Technical Validation

Benchmarking Universal Single-Copy Orthologue (BUSCO) is tool that is used to search for single-copy orthologs between species to evaluate the integrity and redundancy of one new assembled genome. In this study, the assembled results of the Qihe gibel carp genome were evaluated using BUSCO40 (version 5.3.1) with -m genome–limit 10 parameters. The complete BUSCO at contig-level assembly was 97.4%, while the complete BUSCO at chromosome-level assembly was 97.7%, similar with 98.16% of C. gibelio12, and these values indicate that a high-quality Qihe gibel carp genome was obtained in this study. In addition, 97.3% of all protein-coding genes and 97.1% of functionally annotated protein-coding genes were identified as complete (Table 6).

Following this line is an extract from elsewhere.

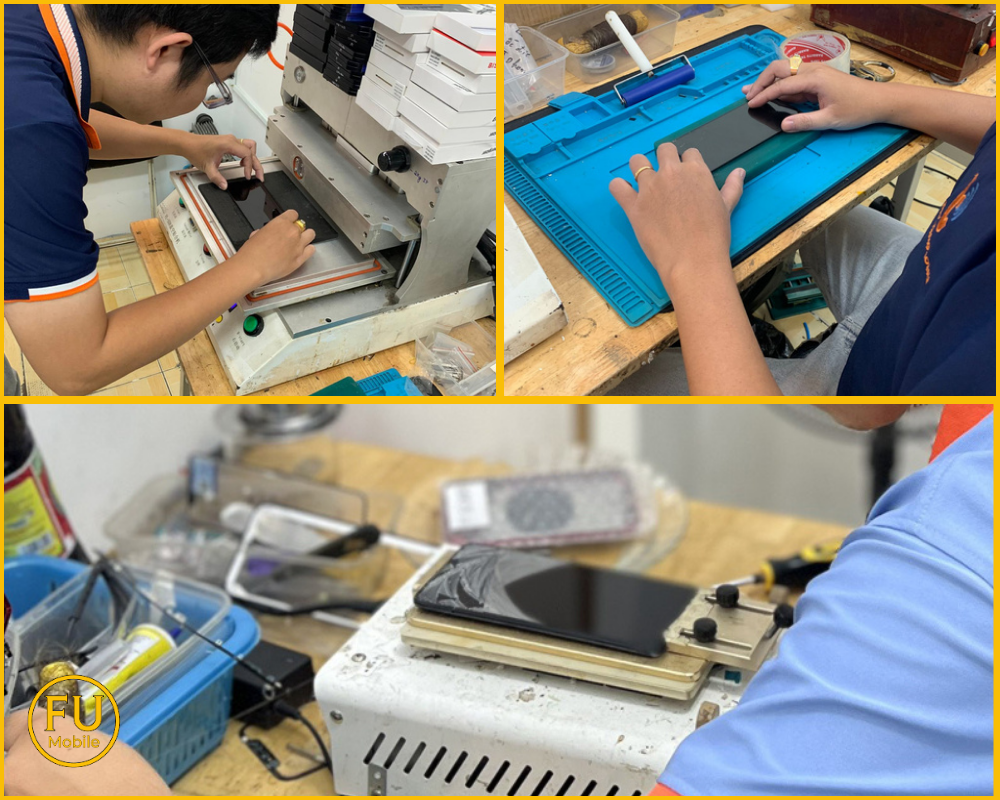 Kỹ thuật viên thay kính Samsung Galaxy tại FUmobile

Table 6 Completeness of the assembled genomes and sets of protein-coding genes evaluated by BUSCO analysis.

The genome assembled at the chromosome level was divided into bins in equal lengths of 100 kb using Hi-C data. The Hi-C read pair numbers covered between any two bins were counted as the signal intensity of the interaction between the two bins, and the data were used to create a heat map. The intensity of interactions located at diagonal positions was higher than that at non-diagonal positions in each group, suggesting that the interaction intensity was high between adjacent sequences at diagonal positions and weak between non-adjacent sequences at non-diagonal positions. These results were consistent with the principle of genome assembly assisted by Hi-C, illustrating that the genomic assembly was highly effective (Fig. 4).

Fig. 4
figure 4

Chromosomal Hi-C interaction heatmap of the Qihe gibel carp genome assembly.